Menurut hasil analisis yang dilakukan oleh PwC dan LPEM Universitas Indonesia pada 2023, total pendapatan industri layar (film, animasi, dan video) diproyeksikan tumbuh menjadi Rp109,6 triliun pada 2027 dari Rp90,9 triliun pada 2022.
Denny mengatakan, potensi dari setiap peningkatan pendapatan industri layar sebesar Rp1 triliun akan menghasilkan dampak sebesar Rp1,43 triliun dalam bentuk "output ekonomi" atau nilai barang dan jasa berdasarkan harga yang dibayarkan kepada pemasok industri layar pada periode waktu tertentu, kontribusi PDB senilai Rp892 miliar, dan penciptaan 4.300 lapangan kerja baru.
Menurut dia, saat ini proporsi dampak terhadap total PDB dari industri layar di Indonesia baru 0,41 persen, lebih rendah dibandingkan dengan Brazil dan Thailand (0,61 persen).
Hasil studi juga menunjukkan bahwa pekerjaan di industri layar sangat produktif. Nilai tambah bruto (NTB) per kapitanya Rp55 juta, lebih tinggi dibandingkan sektor ekonomi lainnya seperti kuliner, mode, kerajinan, dan seni pertunjukan.
Investasi di industri layar juga mendukung lapangan kerja pada sektor-sektor di seluruh rantai pasok.
Platform layanan streaming menurut studi mengalami peningkatan minat dari kalangan konsumen yang mencari hiburan.
Pada 2022, 66 juta pemirsa Indonesia mengonsumsi tiga miliar jam konten dari layanan streaming setiap bulan.
Di Indonesia, sebanyak 75 persen pengguna layanan streaming premium seperti Netflix, Vidio, Viu, dan WeTV tertarik menggunakan layanan itu karena menghadirkan konten dengan kualitas lebih baik.
Kemampuan layanan streaming menghasilkan konten yang disukai diharapkan dapat mendorong kebangkitan industri layar pada tahun-tahun mendatang.
Menurut Denny, platform tersebut juga meningkatkan rasio layar di Indonesia dari 1 berbanding 120.000 orang, yang dihitung berdasarkan jumlah layar bioskop yang sekitar 2.300 saja untuk 277 juta penduduk.

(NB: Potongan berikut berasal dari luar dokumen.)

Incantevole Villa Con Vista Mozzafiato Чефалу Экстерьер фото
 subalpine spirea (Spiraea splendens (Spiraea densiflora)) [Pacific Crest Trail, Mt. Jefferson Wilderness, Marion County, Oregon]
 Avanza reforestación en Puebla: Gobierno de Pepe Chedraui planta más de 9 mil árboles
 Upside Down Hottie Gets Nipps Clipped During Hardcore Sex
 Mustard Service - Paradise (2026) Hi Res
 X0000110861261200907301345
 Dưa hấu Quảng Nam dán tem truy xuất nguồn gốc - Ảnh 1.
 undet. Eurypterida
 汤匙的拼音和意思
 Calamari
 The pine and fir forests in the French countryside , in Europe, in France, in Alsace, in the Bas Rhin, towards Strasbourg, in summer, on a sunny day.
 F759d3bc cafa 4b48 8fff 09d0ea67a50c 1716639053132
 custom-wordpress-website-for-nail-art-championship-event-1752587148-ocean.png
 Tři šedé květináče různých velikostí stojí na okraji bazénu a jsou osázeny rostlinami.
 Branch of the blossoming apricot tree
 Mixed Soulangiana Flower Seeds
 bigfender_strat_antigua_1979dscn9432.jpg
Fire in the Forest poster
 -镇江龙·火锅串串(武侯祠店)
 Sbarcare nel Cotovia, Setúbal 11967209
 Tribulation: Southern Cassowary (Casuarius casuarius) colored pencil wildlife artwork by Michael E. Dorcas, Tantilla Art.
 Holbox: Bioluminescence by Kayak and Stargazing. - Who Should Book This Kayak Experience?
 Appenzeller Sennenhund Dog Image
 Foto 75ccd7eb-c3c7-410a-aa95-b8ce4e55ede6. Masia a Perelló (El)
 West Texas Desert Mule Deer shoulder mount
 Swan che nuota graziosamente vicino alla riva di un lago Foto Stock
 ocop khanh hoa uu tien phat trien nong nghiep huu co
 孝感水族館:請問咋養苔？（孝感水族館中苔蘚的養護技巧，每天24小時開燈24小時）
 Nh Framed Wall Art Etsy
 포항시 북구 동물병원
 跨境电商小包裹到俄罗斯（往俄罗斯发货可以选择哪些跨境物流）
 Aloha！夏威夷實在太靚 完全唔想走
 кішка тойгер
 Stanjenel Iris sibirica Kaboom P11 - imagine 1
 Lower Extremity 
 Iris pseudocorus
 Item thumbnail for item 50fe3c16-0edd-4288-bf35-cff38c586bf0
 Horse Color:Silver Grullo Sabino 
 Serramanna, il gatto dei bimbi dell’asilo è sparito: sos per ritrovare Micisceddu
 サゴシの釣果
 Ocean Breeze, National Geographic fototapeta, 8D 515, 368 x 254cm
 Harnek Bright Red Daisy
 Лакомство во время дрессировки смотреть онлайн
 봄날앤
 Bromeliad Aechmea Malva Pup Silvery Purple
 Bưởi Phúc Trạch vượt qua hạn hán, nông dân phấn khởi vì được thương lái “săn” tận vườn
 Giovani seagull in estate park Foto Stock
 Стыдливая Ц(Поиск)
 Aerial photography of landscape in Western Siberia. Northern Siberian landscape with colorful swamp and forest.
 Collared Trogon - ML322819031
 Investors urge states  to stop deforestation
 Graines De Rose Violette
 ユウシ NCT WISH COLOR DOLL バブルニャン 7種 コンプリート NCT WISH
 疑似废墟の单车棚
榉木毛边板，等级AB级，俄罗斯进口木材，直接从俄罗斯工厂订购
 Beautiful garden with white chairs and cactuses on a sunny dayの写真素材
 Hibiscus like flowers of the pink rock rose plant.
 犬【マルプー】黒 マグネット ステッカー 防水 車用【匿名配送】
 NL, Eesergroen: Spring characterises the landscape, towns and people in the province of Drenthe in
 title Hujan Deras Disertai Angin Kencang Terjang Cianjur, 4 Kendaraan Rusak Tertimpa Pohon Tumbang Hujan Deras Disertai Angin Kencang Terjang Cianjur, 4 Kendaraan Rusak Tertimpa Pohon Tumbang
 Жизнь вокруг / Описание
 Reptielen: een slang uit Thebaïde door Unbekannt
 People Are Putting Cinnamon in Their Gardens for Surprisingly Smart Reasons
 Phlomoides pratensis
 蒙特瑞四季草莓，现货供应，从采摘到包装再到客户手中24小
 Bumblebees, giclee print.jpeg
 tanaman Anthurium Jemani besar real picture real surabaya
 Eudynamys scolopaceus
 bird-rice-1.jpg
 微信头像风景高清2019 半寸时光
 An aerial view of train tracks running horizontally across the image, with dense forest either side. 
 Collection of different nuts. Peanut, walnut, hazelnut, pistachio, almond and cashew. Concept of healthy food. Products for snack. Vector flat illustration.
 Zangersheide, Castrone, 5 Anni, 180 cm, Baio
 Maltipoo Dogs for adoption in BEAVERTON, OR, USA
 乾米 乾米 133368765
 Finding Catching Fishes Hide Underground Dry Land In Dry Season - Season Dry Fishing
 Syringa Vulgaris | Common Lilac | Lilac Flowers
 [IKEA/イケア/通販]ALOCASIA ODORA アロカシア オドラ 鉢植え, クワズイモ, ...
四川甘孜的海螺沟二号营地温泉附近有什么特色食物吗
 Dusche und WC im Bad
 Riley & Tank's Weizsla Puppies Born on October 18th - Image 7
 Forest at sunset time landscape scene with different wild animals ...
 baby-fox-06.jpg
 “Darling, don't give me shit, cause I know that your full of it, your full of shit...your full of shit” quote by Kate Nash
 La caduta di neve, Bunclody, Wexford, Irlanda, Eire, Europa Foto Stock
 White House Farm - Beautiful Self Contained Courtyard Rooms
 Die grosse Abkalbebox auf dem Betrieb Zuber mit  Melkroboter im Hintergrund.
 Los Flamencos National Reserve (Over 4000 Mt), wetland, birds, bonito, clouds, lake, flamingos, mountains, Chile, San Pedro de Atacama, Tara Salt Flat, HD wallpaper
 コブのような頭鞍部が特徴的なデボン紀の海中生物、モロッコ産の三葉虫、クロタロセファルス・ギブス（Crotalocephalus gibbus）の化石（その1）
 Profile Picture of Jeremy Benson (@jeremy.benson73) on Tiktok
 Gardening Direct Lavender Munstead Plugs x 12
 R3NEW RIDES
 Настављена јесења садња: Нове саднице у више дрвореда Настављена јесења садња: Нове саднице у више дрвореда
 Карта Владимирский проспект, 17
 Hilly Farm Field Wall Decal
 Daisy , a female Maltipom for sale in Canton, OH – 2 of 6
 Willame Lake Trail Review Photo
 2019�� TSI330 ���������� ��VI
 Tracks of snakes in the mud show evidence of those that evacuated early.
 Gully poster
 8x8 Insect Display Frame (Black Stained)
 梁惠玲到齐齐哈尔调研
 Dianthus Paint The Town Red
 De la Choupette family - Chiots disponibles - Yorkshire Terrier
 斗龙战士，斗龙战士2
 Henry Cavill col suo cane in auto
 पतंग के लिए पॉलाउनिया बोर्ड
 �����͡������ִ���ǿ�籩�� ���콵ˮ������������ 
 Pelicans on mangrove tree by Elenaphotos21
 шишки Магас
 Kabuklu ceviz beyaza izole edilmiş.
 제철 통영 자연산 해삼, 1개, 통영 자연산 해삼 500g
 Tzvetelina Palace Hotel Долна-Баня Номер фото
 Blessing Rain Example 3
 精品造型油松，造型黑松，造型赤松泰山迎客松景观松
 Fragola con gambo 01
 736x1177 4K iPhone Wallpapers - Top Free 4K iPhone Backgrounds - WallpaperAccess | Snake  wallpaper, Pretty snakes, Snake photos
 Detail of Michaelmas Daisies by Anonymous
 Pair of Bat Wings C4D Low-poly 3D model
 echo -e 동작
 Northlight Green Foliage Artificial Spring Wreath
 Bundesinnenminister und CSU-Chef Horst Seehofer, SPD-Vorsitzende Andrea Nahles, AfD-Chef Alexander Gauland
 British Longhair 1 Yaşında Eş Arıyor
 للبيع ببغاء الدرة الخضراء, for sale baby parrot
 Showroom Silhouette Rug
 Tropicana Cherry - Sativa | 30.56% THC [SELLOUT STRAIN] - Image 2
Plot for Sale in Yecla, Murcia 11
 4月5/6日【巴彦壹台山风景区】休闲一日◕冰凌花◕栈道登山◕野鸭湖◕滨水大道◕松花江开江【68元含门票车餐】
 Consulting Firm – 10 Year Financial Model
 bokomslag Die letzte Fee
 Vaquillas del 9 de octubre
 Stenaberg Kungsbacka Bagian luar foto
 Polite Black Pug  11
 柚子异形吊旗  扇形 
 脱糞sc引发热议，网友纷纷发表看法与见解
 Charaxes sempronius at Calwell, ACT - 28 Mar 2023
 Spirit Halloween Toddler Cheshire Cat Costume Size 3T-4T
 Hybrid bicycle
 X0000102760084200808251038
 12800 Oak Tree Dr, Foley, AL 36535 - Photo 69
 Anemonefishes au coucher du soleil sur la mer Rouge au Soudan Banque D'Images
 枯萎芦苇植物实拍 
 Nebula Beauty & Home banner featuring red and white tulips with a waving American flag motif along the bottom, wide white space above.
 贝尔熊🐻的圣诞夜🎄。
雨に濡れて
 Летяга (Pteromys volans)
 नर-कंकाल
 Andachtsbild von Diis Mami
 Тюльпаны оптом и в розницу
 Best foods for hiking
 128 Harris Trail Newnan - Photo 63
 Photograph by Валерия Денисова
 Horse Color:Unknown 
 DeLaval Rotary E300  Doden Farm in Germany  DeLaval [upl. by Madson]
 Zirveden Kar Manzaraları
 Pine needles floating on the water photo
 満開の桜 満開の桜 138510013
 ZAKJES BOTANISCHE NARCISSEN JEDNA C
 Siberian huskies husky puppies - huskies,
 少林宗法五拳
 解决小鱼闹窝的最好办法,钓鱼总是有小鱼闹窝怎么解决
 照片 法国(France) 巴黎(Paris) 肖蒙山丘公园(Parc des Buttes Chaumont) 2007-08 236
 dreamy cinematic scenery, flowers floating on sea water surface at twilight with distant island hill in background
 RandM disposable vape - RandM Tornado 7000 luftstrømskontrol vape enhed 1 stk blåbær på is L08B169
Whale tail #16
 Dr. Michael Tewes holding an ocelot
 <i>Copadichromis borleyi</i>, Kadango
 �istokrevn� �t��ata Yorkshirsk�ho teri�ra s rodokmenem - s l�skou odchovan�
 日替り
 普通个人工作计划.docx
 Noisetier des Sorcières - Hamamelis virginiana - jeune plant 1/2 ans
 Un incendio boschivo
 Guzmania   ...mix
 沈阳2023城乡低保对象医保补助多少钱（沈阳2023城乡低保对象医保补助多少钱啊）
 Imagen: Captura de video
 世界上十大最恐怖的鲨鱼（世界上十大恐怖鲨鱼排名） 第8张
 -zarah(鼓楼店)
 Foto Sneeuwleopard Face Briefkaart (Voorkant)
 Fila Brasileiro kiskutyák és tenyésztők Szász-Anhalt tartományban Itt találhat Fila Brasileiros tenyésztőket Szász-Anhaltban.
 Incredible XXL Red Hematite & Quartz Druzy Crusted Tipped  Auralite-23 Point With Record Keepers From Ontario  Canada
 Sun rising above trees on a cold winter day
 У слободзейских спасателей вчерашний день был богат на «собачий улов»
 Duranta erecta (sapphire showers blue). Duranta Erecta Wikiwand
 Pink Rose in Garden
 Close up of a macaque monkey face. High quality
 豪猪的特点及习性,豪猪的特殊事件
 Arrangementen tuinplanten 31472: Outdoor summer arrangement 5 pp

Ia menyampaikan bahwa penayangan konten Indonesia pada industri layar juga mampu membangkitkan potensi dampak limpahan pada negara.
Misalnya, film The Raid berdampak pada penerimaan masyarakat pada silat di level global. Film seperti Laskar Pelangi dan Ngeri-Ngeri Sedap menimbulkan penerimaan masyarakat terhadap pariwisata lokal.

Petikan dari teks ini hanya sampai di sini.